WORK REQUIRED. Transcribe each line of the material as it is, and drop any picture.

RAW DATA.
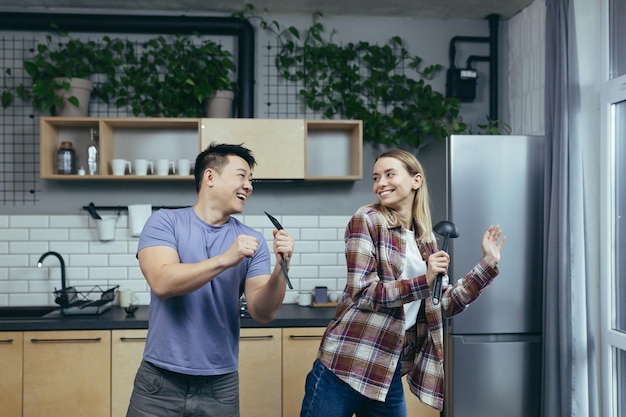 Man en vrouw dansen samen plezier thuis in de keuken een multiraciale familie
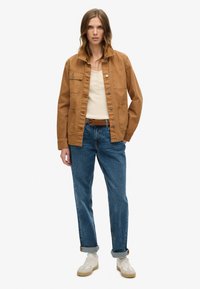 Brun bomuldsjakke med knaplukning, to frontlommer og krave, båret over en beige top og blå jeans, suppleret med hvide sneakers.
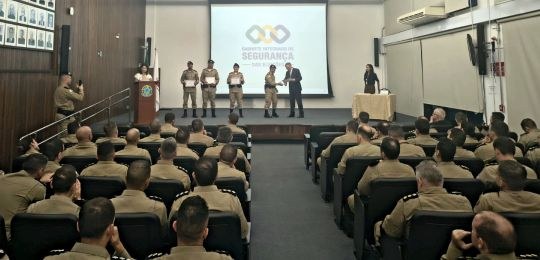 Wellerson Amarante, secretário de TI do TRE-MG, durante palestra. Junto dele há um telão com inf...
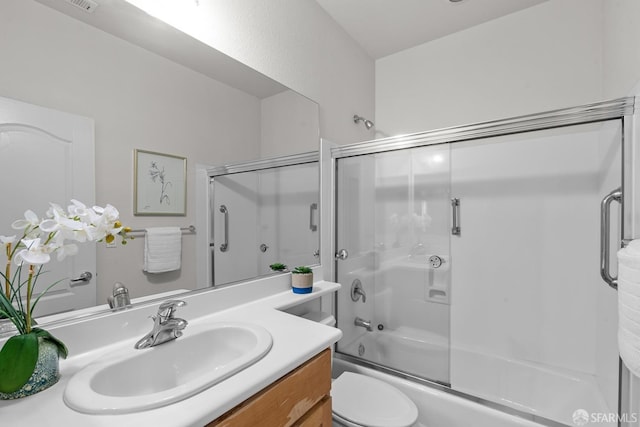 bathroom with toilet, vanity, and bath / shower combo with glass door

EXERCISE RESPONSE.
 Man en vrouw dansen samen plezier thuis in de keuken een multiraciale familie
 Brun bomuldsjakke med knaplukning, to frontlommer og krave, båret over en beige top og blå jeans, suppleret med hvide sneakers.
 Wellerson Amarante, secretário de TI do TRE-MG, durante palestra. Junto dele há um telão com inf...
 bathroom with toilet, vanity, and bath / shower combo with glass door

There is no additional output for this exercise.